– A daily, pocket-sized packet of news from around the world, compiled by Phuket Gazette reporters for foreigners who want it short, sharp and straight to the point.
PHUKET: The slow body identification process that occurred in Phuket after the 2004 tsunami has motivated researchers in Perth to build a database of skeletons to help identify bodies more quickly and accurately.
According to the Australian Broadcasting Corporation, the University of Western Australia has been given a $400,000 grant for the project, which involves mapping the shape and co-ordinates of bones.
Assistant Professor Daniel Franklin has told WA’s Stateline program that police will then use the database to identify specific features of skeletons such as age, sex and ethnicity. WA Police Superintendent Haydn Green was in charge of identifying victims in Phuket from the 2004 Boxing Day Tsunami. He says the database will be extremely helpful in the future.
Malaysia trumps Thailand under sail
New Straits Times
Malaysian yachties sailed home with a gold, two silver and a bronze medal from the Asia Pacific Laser Radial Sailing Championships in Pattaya. Malaysian Yachting Association (MYA) general manager Mohd Afendy Abdullah said Mohd Romzi Muhammad was the toast of the team as he won the gold from the Laser Radial Open category.
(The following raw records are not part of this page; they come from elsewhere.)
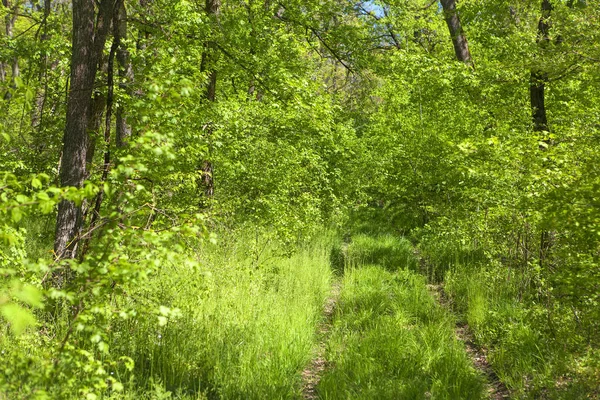 Yaz aylarında yeşil orman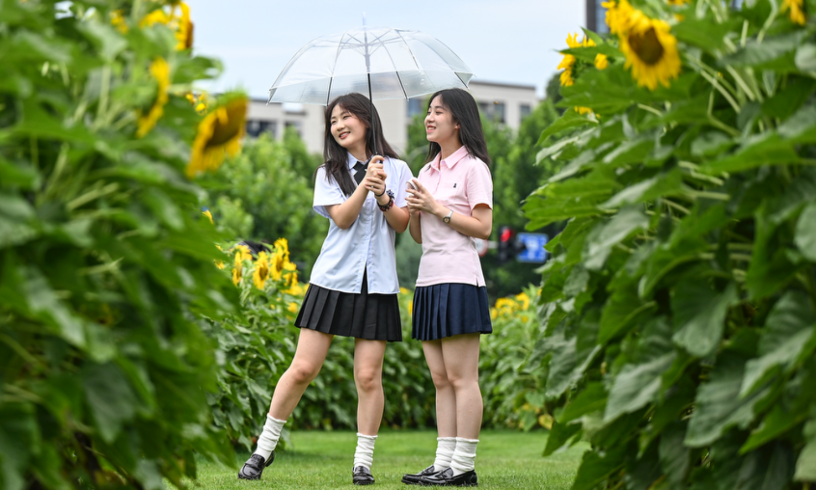 向日葵綻放 夏日浪漫來襲
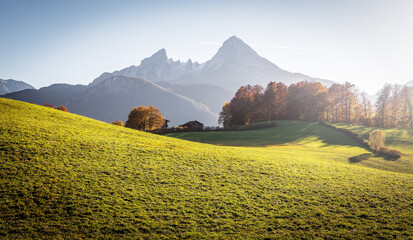 Wall Mural - Amazing nature landscape. Panoramic view of green rolling hills landscape with trees and rocky alpine mountain peaks in the background on a beautiful sunny day with blue sky.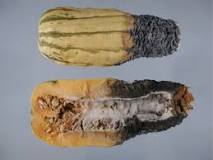 What does mold on butternut squash look like?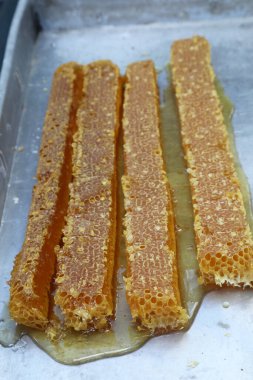 Bal, arı ve çerçeveli arı kovanının yakın plan görüntüsü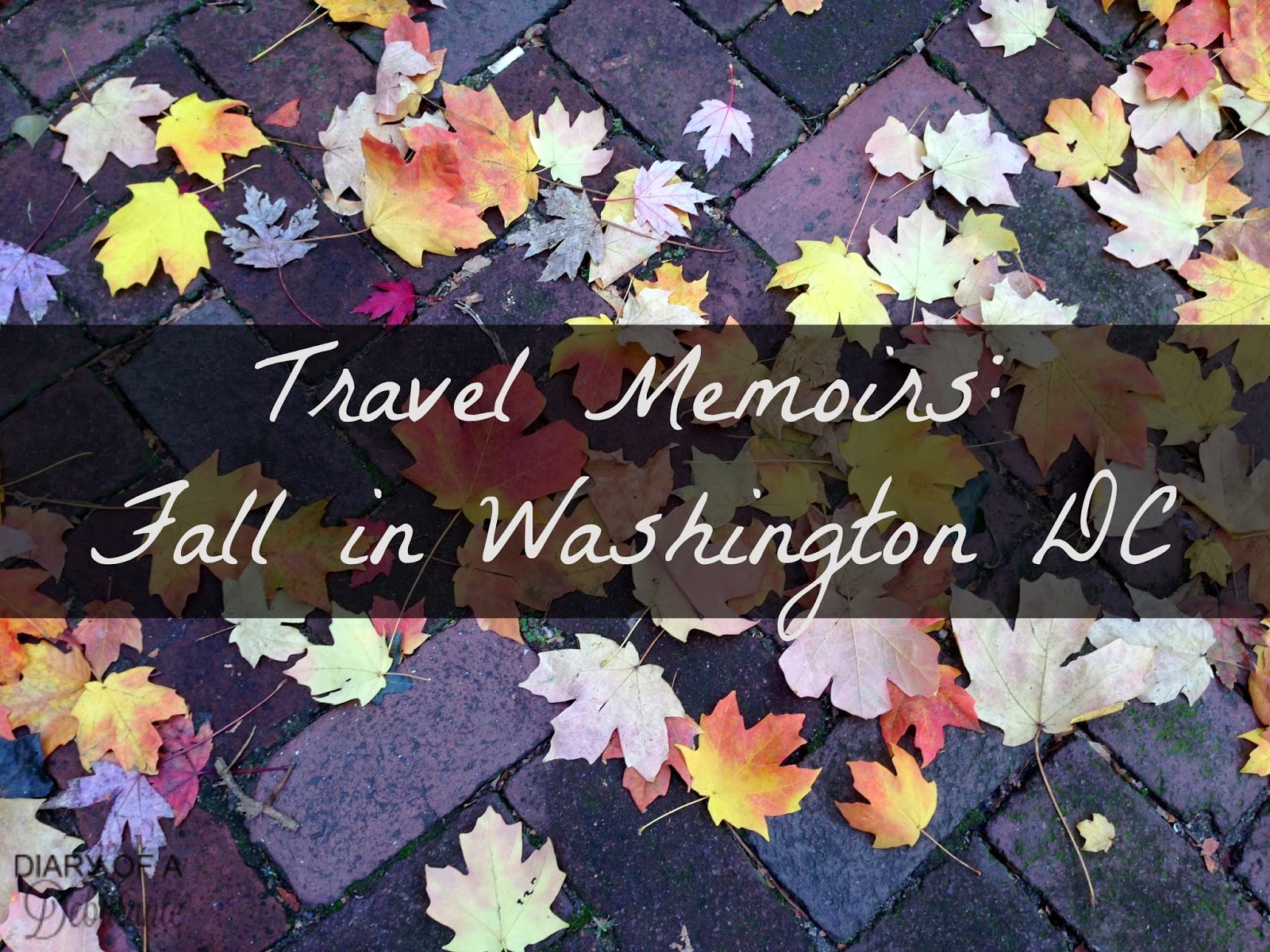 Travel Memoirs: Halloween in Washington, DC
Thailand’s world champion Kee Rai Bualong took the Laser Standard gold.
The championships saw 74 sailors from 12 countries taking part in the action.
China blamed as Mekong dries up in Thailand
Asia Times Online
Low water levels in the Mekong River, which flows through Thailand, have resulted in ongoing criticism of hydropower dams that have been erected along the waterway’s upper reaches in China.
The blame has been pinned on China’s inward-looking water management policies, although some experts say the real culprit is unusually severe drought conditions in southwestern China and northern Thailand.
Thailand has been particularly vocal, calling for the four Mekong River Commission (MRC) members – itself, Cambodia, Laos and Vietnam – to apply bilateral diplomatic pressure on Beijing through their respective foreign ministries.
During a weekly television address on March 7, Thai Prime Minister Abhisit Vejjajiva said “we’ll ask China to help manage the water flow along the river better, so countries in Southeast Asia would not be affected.”